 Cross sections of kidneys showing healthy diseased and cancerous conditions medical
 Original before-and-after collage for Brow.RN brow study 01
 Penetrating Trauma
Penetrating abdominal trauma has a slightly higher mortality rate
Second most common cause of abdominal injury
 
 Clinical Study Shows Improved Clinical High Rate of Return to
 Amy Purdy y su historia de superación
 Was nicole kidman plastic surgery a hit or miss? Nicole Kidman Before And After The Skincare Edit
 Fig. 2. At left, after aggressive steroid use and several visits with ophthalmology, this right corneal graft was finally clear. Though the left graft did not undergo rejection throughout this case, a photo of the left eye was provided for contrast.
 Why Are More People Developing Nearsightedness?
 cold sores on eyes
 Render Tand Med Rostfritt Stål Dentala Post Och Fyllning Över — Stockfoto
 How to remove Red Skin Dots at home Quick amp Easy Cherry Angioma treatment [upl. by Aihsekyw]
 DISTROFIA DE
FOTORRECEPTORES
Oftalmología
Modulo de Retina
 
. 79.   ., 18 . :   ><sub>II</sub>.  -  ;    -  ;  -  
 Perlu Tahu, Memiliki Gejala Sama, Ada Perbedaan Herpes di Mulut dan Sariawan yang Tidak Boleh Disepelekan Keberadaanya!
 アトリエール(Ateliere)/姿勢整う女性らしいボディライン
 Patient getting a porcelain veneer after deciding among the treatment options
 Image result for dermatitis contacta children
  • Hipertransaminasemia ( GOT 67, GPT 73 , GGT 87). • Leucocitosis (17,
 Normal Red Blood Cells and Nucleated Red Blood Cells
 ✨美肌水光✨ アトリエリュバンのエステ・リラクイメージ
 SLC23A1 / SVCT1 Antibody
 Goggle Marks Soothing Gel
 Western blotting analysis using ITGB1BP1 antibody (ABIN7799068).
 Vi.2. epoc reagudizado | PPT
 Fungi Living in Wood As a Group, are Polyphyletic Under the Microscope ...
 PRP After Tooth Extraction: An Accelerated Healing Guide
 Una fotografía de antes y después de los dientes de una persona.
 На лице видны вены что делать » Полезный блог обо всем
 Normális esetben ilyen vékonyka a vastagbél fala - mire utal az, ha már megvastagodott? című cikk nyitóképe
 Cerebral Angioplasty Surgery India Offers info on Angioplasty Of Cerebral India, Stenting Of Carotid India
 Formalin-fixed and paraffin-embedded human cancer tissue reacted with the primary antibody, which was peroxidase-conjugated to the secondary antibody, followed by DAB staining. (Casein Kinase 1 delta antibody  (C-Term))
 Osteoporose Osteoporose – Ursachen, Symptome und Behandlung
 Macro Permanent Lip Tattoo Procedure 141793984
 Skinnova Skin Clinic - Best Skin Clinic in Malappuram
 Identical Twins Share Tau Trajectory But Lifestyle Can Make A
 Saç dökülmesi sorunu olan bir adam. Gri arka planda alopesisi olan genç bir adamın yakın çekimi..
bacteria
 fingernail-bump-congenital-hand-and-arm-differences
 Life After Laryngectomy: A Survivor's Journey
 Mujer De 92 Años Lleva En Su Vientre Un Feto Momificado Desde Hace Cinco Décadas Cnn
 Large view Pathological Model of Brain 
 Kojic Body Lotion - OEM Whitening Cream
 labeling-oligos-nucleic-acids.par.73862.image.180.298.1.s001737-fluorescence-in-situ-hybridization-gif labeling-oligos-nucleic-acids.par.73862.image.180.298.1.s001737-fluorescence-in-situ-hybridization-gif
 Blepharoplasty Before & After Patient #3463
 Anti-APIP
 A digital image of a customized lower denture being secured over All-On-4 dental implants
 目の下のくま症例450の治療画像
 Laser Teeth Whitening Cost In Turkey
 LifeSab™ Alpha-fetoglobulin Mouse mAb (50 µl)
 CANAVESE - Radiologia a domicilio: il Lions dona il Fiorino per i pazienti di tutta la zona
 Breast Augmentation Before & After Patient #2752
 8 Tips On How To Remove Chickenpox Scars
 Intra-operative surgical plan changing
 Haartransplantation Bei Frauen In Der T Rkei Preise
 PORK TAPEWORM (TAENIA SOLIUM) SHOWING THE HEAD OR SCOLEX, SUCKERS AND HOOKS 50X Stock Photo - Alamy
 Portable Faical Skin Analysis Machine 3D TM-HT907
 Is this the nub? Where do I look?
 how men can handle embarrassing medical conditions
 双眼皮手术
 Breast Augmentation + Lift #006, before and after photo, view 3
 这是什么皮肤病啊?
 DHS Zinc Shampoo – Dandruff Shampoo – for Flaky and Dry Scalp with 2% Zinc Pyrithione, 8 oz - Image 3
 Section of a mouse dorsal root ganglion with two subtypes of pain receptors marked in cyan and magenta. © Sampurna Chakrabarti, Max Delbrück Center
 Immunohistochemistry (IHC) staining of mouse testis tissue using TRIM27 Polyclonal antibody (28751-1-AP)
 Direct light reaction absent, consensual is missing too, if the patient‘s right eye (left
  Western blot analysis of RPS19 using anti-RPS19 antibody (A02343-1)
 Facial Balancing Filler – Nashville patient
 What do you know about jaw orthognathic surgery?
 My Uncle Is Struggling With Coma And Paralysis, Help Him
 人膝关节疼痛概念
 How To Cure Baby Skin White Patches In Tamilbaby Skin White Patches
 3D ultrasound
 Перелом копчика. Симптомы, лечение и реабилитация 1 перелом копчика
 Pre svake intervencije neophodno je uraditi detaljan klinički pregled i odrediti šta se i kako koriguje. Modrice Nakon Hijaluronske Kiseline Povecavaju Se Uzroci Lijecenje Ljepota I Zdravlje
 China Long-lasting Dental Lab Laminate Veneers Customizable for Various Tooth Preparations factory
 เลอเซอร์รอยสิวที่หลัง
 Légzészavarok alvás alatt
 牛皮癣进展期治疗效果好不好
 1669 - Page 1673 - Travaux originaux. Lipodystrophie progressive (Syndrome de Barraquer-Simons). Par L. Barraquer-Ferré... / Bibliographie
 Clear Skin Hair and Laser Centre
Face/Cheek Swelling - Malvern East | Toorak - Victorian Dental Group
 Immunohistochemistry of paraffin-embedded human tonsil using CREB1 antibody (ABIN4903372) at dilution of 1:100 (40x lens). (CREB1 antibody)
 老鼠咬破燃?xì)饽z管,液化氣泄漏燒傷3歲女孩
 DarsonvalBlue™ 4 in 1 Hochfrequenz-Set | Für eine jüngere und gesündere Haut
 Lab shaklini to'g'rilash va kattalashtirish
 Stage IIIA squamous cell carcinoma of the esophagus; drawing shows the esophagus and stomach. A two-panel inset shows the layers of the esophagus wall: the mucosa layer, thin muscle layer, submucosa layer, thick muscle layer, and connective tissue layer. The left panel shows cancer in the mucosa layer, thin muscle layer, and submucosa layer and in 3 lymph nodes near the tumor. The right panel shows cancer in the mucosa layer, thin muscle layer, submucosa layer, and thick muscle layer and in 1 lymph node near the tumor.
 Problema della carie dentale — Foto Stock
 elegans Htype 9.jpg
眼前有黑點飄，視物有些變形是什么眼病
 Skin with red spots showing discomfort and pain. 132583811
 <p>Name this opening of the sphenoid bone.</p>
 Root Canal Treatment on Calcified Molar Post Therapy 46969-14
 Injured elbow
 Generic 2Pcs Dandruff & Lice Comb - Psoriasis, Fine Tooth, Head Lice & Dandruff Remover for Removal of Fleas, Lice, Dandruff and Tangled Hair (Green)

What the exercise asks: Copy out the whole listing, exactly as written.

Worked solution:
 Cross sections of kidneys showing healthy diseased and cancerous conditions medical
 Original before-and-after collage for Brow.RN brow study 01
 Penetrating Trauma
Penetrating abdominal trauma has a slightly higher mortality rate
Second most common cause of abdominal injury
 
 Clinical Study Shows Improved Clinical High Rate of Return to
 Amy Purdy y su historia de superación
 Was nicole kidman plastic surgery a hit or miss? Nicole Kidman Before And After The Skincare Edit
 Fig. 2. At left, after aggressive steroid use and several visits with ophthalmology, this right corneal graft was finally clear. Though the left graft did not undergo rejection throughout this case, a photo of the left eye was provided for contrast.
 Why Are More People Developing Nearsightedness?
 cold sores on eyes
 Render Tand Med Rostfritt Stål Dentala Post Och Fyllning Över — Stockfoto
 How to remove Red Skin Dots at home Quick amp Easy Cherry Angioma treatment [upl. by Aihsekyw]
 DISTROFIA DE
FOTORRECEPTORES
Oftalmología
Modulo de Retina
 
. 79.   ., 18 . :   ><sub>II</sub>.  -  ;    -  ;  -  
 Perlu Tahu, Memiliki Gejala Sama, Ada Perbedaan Herpes di Mulut dan Sariawan yang Tidak Boleh Disepelekan Keberadaanya!
 アトリエール(Ateliere)/姿勢整う女性らしいボディライン
 Patient getting a porcelain veneer after deciding among the treatment options
 Image result for dermatitis contacta children
  • Hipertransaminasemia ( GOT 67, GPT 73 , GGT 87). • Leucocitosis (17,
 Normal Red Blood Cells and Nucleated Red Blood Cells
 ✨美肌水光✨ アトリエリュバンのエステ・リラクイメージ
 SLC23A1 / SVCT1 Antibody
 Goggle Marks Soothing Gel
 Western blotting analysis using ITGB1BP1 antibody (ABIN7799068).
 Vi.2. epoc reagudizado | PPT
 Fungi Living in Wood As a Group, are Polyphyletic Under the Microscope ...
 PRP After Tooth Extraction: An Accelerated Healing Guide
 Una fotografía de antes y después de los dientes de una persona.
 На лице видны вены что делать » Полезный блог обо всем
 Normális esetben ilyen vékonyka a vastagbél fala - mire utal az, ha már megvastagodott? című cikk nyitóképe
 Cerebral Angioplasty Surgery India Offers info on Angioplasty Of Cerebral India, Stenting Of Carotid India
 Formalin-fixed and paraffin-embedded human cancer tissue reacted with the primary antibody, which was peroxidase-conjugated to the secondary antibody, followed by DAB staining. (Casein Kinase 1 delta antibody  (C-Term))
 Osteoporose Osteoporose – Ursachen, Symptome und Behandlung
 Macro Permanent Lip Tattoo Procedure 141793984
 Skinnova Skin Clinic - Best Skin Clinic in Malappuram
 Identical Twins Share Tau Trajectory But Lifestyle Can Make A
 Saç dökülmesi sorunu olan bir adam. Gri arka planda alopesisi olan genç bir adamın yakın çekimi..
bacteria
 fingernail-bump-congenital-hand-and-arm-differences
 Life After Laryngectomy: A Survivor's Journey
 Mujer De 92 Años Lleva En Su Vientre Un Feto Momificado Desde Hace Cinco Décadas Cnn
 Large view Pathological Model of Brain 
 Kojic Body Lotion - OEM Whitening Cream
 labeling-oligos-nucleic-acids.par.73862.image.180.298.1.s001737-fluorescence-in-situ-hybridization-gif labeling-oligos-nucleic-acids.par.73862.image.180.298.1.s001737-fluorescence-in-situ-hybridization-gif
 Blepharoplasty Before & After Patient #3463
 Anti-APIP
 A digital image of a customized lower denture being secured over All-On-4 dental implants
 目の下のくま症例450の治療画像
 Laser Teeth Whitening Cost In Turkey
 LifeSab™ Alpha-fetoglobulin Mouse mAb (50 µl)
 CANAVESE - Radiologia a domicilio: il Lions dona il Fiorino per i pazienti di tutta la zona
 Breast Augmentation Before & After Patient #2752
 8 Tips On How To Remove Chickenpox Scars
 Intra-operative surgical plan changing
 Haartransplantation Bei Frauen In Der T Rkei Preise
 PORK TAPEWORM (TAENIA SOLIUM) SHOWING THE HEAD OR SCOLEX, SUCKERS AND HOOKS 50X Stock Photo - Alamy
 Portable Faical Skin Analysis Machine 3D TM-HT907
 Is this the nub? Where do I look?
 how men can handle embarrassing medical conditions
 双眼皮手术
 Breast Augmentation + Lift #006, before and after photo, view 3
 这是什么皮肤病啊?
 DHS Zinc Shampoo – Dandruff Shampoo – for Flaky and Dry Scalp with 2% Zinc Pyrithione, 8 oz - Image 3
 Section of a mouse dorsal root ganglion with two subtypes of pain receptors marked in cyan and magenta. © Sampurna Chakrabarti, Max Delbrück Center
 Immunohistochemistry (IHC) staining of mouse testis tissue using TRIM27 Polyclonal antibody (28751-1-AP)
 Direct light reaction absent, consensual is missing too, if the patient‘s right eye (left
  Western blot analysis of RPS19 using anti-RPS19 antibody (A02343-1)
 Facial Balancing Filler – Nashville patient
 What do you know about jaw orthognathic surgery?
 My Uncle Is Struggling With Coma And Paralysis, Help Him
 人膝关节疼痛概念
 How To Cure Baby Skin White Patches In Tamilbaby Skin White Patches
 3D ultrasound
 Перелом копчика. Симптомы, лечение и реабилитация 1 перелом копчика
 Pre svake intervencije neophodno je uraditi detaljan klinički pregled i odrediti šta se i kako koriguje. Modrice Nakon Hijaluronske Kiseline Povecavaju Se Uzroci Lijecenje Ljepota I Zdravlje
 China Long-lasting Dental Lab Laminate Veneers Customizable for Various Tooth Preparations factory
 เลอเซอร์รอยสิวที่หลัง
 Légzészavarok alvás alatt
 牛皮癣进展期治疗效果好不好
 1669 - Page 1673 - Travaux originaux. Lipodystrophie progressive (Syndrome de Barraquer-Simons). Par L. Barraquer-Ferré... / Bibliographie
 Clear Skin Hair and Laser Centre
Face/Cheek Swelling - Malvern East | Toorak - Victorian Dental Group
 Immunohistochemistry of paraffin-embedded human tonsil using CREB1 antibody (ABIN4903372) at dilution of 1:100 (40x lens). (CREB1 antibody)
 老鼠咬破燃?xì)饽z管,液化氣泄漏燒傷3歲女孩
 DarsonvalBlue™ 4 in 1 Hochfrequenz-Set | Für eine jüngere und gesündere Haut
 Lab shaklini to'g'rilash va kattalashtirish
 Stage IIIA squamous cell carcinoma of the esophagus; drawing shows the esophagus and stomach. A two-panel inset shows the layers of the esophagus wall: the mucosa layer, thin muscle layer, submucosa layer, thick muscle layer, and connective tissue layer. The left panel shows cancer in the mucosa layer, thin muscle layer, and submucosa layer and in 3 lymph nodes near the tumor. The right panel shows cancer in the mucosa layer, thin muscle layer, submucosa layer, and thick muscle layer and in 1 lymph node near the tumor.
 Problema della carie dentale — Foto Stock
 elegans Htype 9.jpg
眼前有黑點飄，視物有些變形是什么眼病
 Skin with red spots showing discomfort and pain. 132583811
 <p>Name this opening of the sphenoid bone.</p>
 Root Canal Treatment on Calcified Molar Post Therapy 46969-14
 Injured elbow
 Generic 2Pcs Dandruff & Lice Comb - Psoriasis, Fine Tooth, Head Lice & Dandruff Remover for Removal of Fleas, Lice, Dandruff and Tangled Hair (Green)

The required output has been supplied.